**Work to be completed:** Write out exactly the lines below starting at the one containing "Image of Beer" and ending at the one containing "The Large Stainless". Omit every picture.

**Provided material:**
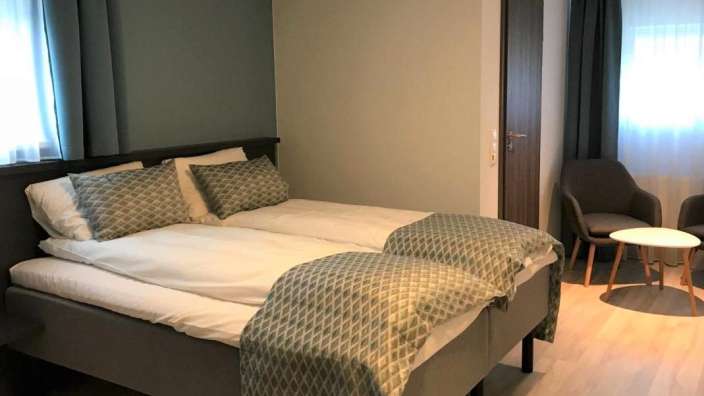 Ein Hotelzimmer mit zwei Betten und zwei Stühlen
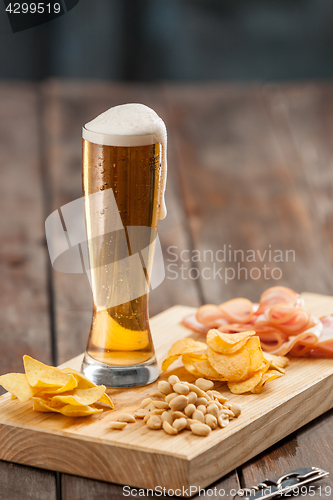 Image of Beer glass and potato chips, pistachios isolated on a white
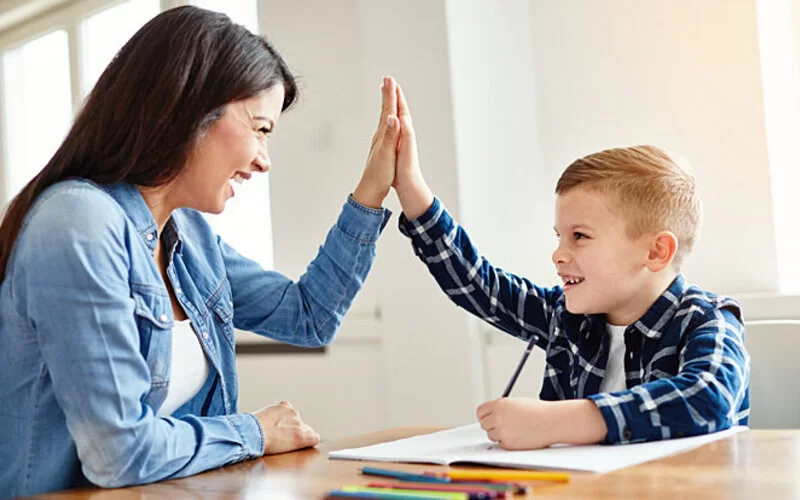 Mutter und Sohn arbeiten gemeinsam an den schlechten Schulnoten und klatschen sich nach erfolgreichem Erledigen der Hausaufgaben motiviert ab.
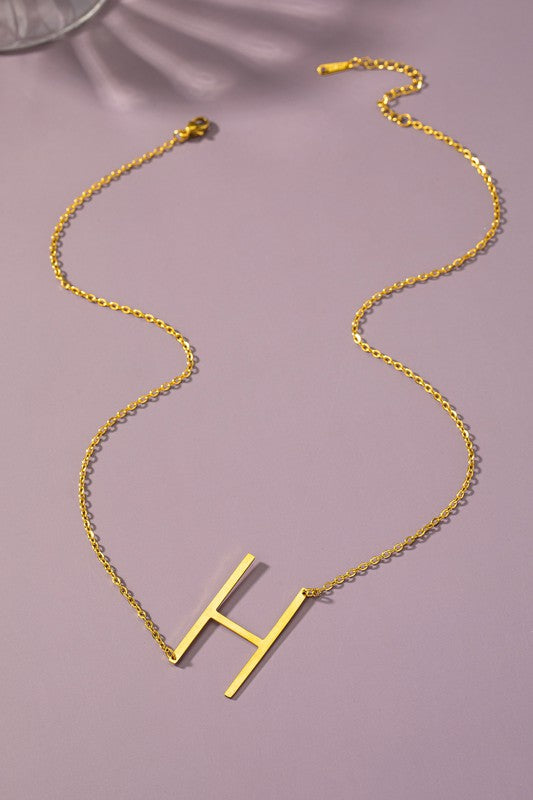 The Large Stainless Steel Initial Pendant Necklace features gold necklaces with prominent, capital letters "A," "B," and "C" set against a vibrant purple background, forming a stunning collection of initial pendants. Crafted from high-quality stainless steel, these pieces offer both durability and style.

* * *

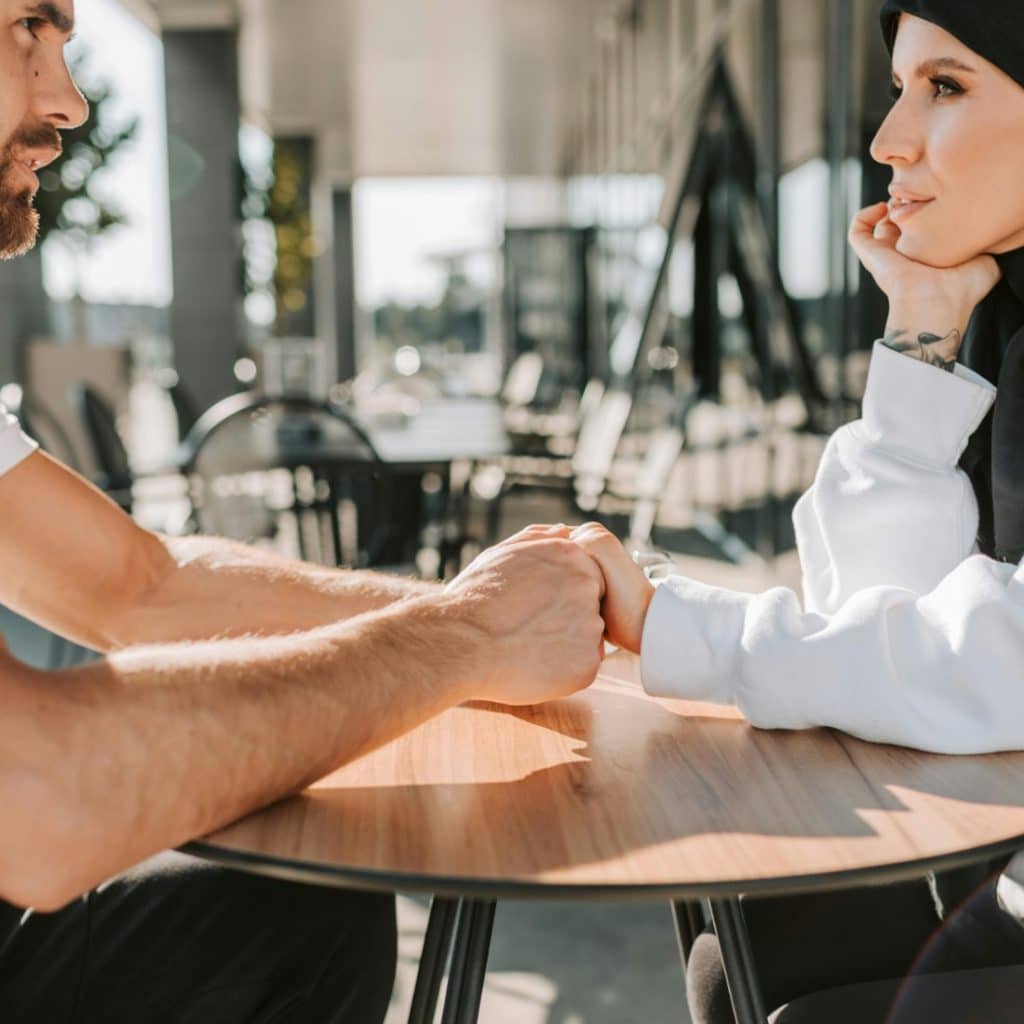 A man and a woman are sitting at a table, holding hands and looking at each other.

**Response box:**
 Image of Beer glass and potato chips, pistachios isolated on a white
 Mutter und Sohn arbeiten gemeinsam an den schlechten Schulnoten und klatschen sich nach erfolgreichem Erledigen der Hausaufgaben motiviert ab.
 The Large Stainless Steel Initial Pendant Necklace features gold necklaces with prominent, capital letters "A," "B," and "C" set against a vibrant purple background, forming a stunning collection of initial pendants. Crafted from high-quality stainless steel, these pieces offer both durability and style.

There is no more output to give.